> _PROBLEM STATEMENT_: Nothing but the lines from the one with "Sam Horror Baby" through the final line of the entries below should be written out, each exactly as given.
───── SUPPLIED DATA
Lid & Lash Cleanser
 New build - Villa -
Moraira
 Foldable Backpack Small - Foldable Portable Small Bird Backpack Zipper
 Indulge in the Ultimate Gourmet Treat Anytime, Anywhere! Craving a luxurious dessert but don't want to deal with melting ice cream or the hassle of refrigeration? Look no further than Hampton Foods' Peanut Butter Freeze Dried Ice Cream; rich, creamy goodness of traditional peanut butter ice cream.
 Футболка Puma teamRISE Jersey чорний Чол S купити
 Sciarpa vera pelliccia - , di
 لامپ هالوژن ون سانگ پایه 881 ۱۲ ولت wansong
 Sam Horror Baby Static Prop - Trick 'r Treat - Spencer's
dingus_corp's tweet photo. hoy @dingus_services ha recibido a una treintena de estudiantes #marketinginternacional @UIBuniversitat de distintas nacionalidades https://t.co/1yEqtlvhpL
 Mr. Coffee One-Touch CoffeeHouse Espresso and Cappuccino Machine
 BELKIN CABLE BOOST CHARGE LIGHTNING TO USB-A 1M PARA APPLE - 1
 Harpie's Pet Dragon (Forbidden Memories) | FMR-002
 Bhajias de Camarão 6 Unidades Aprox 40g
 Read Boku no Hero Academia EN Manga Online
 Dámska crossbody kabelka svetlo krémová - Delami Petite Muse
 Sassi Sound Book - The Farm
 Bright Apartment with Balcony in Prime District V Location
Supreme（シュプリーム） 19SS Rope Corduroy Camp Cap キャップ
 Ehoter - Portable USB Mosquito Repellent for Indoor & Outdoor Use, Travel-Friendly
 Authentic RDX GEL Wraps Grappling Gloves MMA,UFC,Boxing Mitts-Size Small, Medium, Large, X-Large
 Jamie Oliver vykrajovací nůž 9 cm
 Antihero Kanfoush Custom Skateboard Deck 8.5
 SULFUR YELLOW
──────────
> _RESULT OF THIS TASK_:
 Sam Horror Baby Static Prop - Trick 'r Treat - Spencer's
dingus_corp's tweet photo. hoy @dingus_services ha recibido a una treintena de estudiantes #marketinginternacional @UIBuniversitat de distintas nacionalidades https://t.co/1yEqtlvhpL
 Mr. Coffee One-Touch CoffeeHouse Espresso and Cappuccino Machine
 BELKIN CABLE BOOST CHARGE LIGHTNING TO USB-A 1M PARA APPLE - 1
 Harpie's Pet Dragon (Forbidden Memories) | FMR-002
 Bhajias de Camarão 6 Unidades Aprox 40g
 Read Boku no Hero Academia EN Manga Online
 Dámska crossbody kabelka svetlo krémová - Delami Petite Muse
 Sassi Sound Book - The Farm
 Bright Apartment with Balcony in Prime District V Location
Supreme（シュプリーム） 19SS Rope Corduroy Camp Cap キャップ
 Ehoter - Portable USB Mosquito Repellent for Indoor & Outdoor Use, Travel-Friendly
 Authentic RDX GEL Wraps Grappling Gloves MMA,UFC,Boxing Mitts-Size Small, Medium, Large, X-Large
 Jamie Oliver vykrajovací nůž 9 cm
 Antihero Kanfoush Custom Skateboard Deck 8.5
 SULFUR YELLOW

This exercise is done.